Advanced Database Mining of Efficient Biocatalysts by Sequence and Structure Bioinformatics and Microfluidics
Vasina, M., Vanacek, P., Hon, J., Kovar, D., Faldynova, H., Kunka, A., Buryska, T., Badenhorst, C.P.S., Mazurenko, S., Bednar, D., Stavrakis, S., Bornscheuer, U.T., deMello, A., Damborsky, J., Prokop, Z.
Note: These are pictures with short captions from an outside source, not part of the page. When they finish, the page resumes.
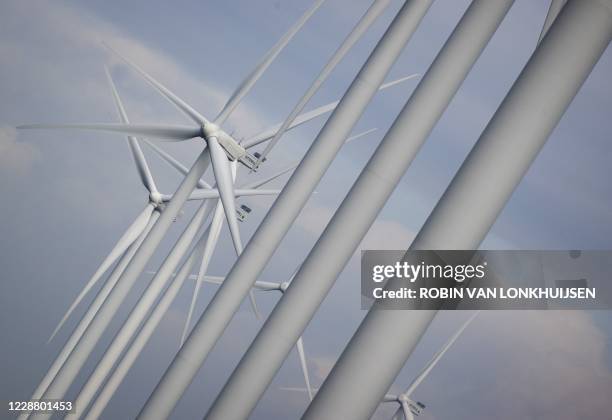This picture taken on September 30 shows windmills at the Wieringermeer wind farm, in Wieringerwerf, northern Netherlands. The wind farm in the North...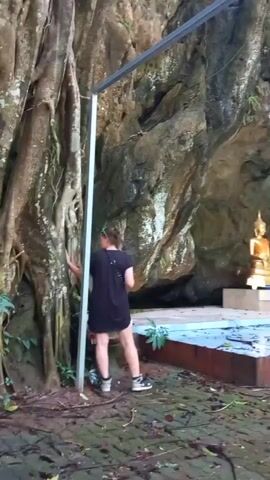 Here is a description of the video:
The camera pans to the right to show a golden Buddha statue placed on a raised platform inside a cave. In the foreground, a woman in a black dress stands beside a large tree and a metal frame.  The platform is decorated with blue tiles. The ground around the platform is covered with leaves and moss.  The cave walls are rocky and textured. Beyond the cave entrance, there is a dense forest. The lighting is somewhat dim inside the cave, but brightens as the camera pans to show the forest.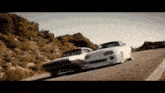 two cars are driving down a road with a hill in the background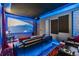Plush theater room featuring a large screen, tiered seating, and starry ceiling for ultimate viewing experience at 10313 Scarlet Chase Dr, Riverview, FL 33569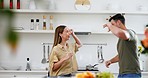 Energy, happy and couple dance in the kitchen to music, playlist or radio at modern apartment. Smile, love and young man and woman moving, bonding and moving to a song or album together at home.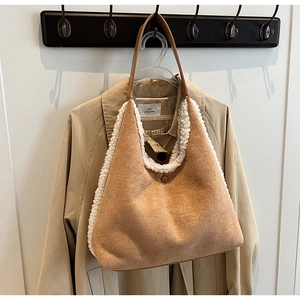 Detail view of brown suede tote bag with white faux fur trim hanging on a coat hook
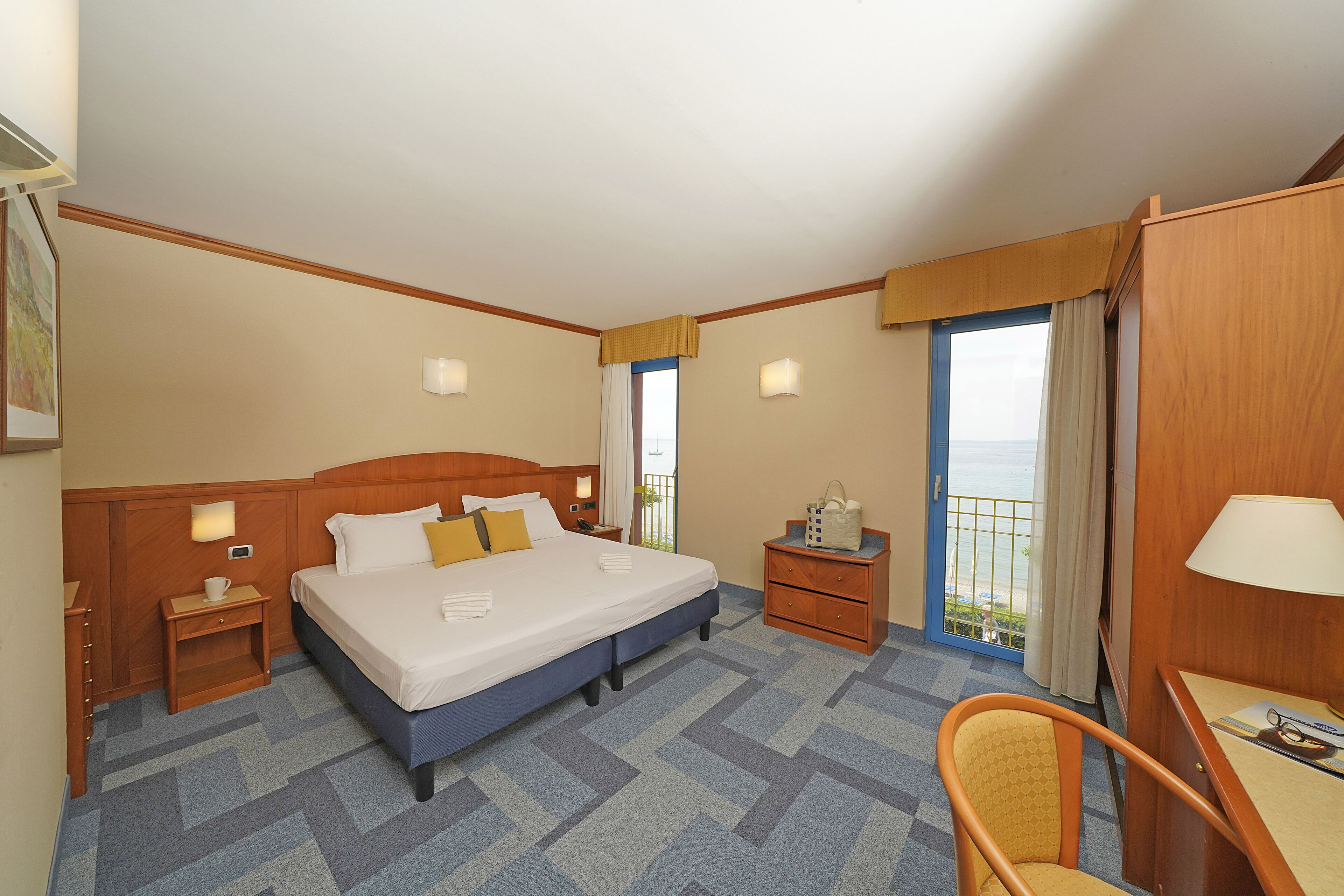 comfort double room, multiple beds, lakeside | minibar, in-room safe, soundproofing, free cots/infant beds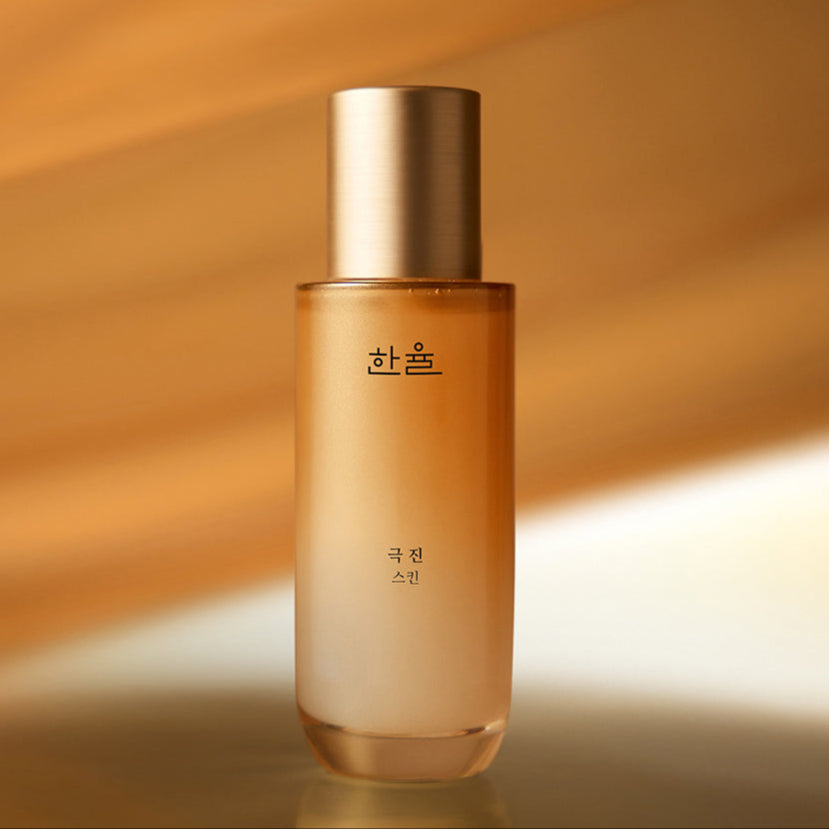HANYUL Extreme Skin 125ml : flacon cosmétique doré sur fond chaleureux, ambiance soins skincare de la marque HANYUL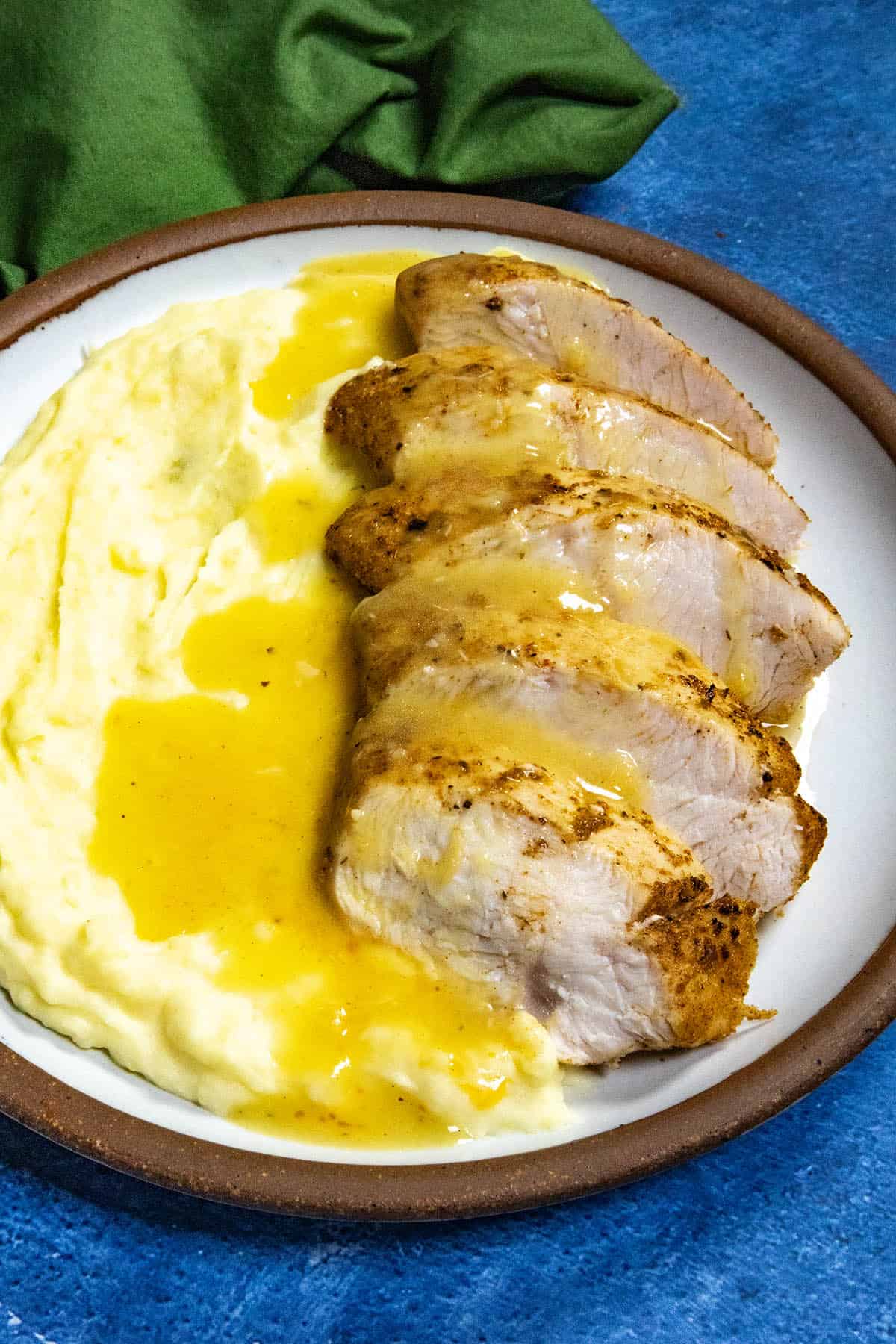 A plate filled with creamy mashed potatoes and sliced turkey breast, topped with rich roasted garlic gravy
CHEM CATALYSIS 2: 2704-2725 (2022)
Next-generation sequencing doubles genomic databases every 2.5 years. The accumulation of sequence data provides a unique opportunity to identify interesting biocatalysts directly in the databases without tedious and time-consuming engineering. Herein, we present a pipeline integrating sequence and structural bioinformatics with microfluidic enzymology for bioprospecting of efficient and robust haloalkane dehalogenases. The bioinformatic part identified 2,905 putative dehalogenases and prioritized a “small-but-smart” set of 45 genes, yielding 40 active enzymes, 24 of which were biochemically characterized by microfluidic enzymology techniques. Combining microfluidics with modern global data analysis provided precious mechanistic insights related to the high catalytic efficiency of selected enzymes. Overall, we have doubled the dehalogenation “toolbox” characterized over three decades, yielding biocatalysts that surpass the efficiency of currently available wild-type and engineered enzymes. This pipeline is generally applicable to other enzyme families and can accelerate the identification of efficient biocatalysts for industrial use.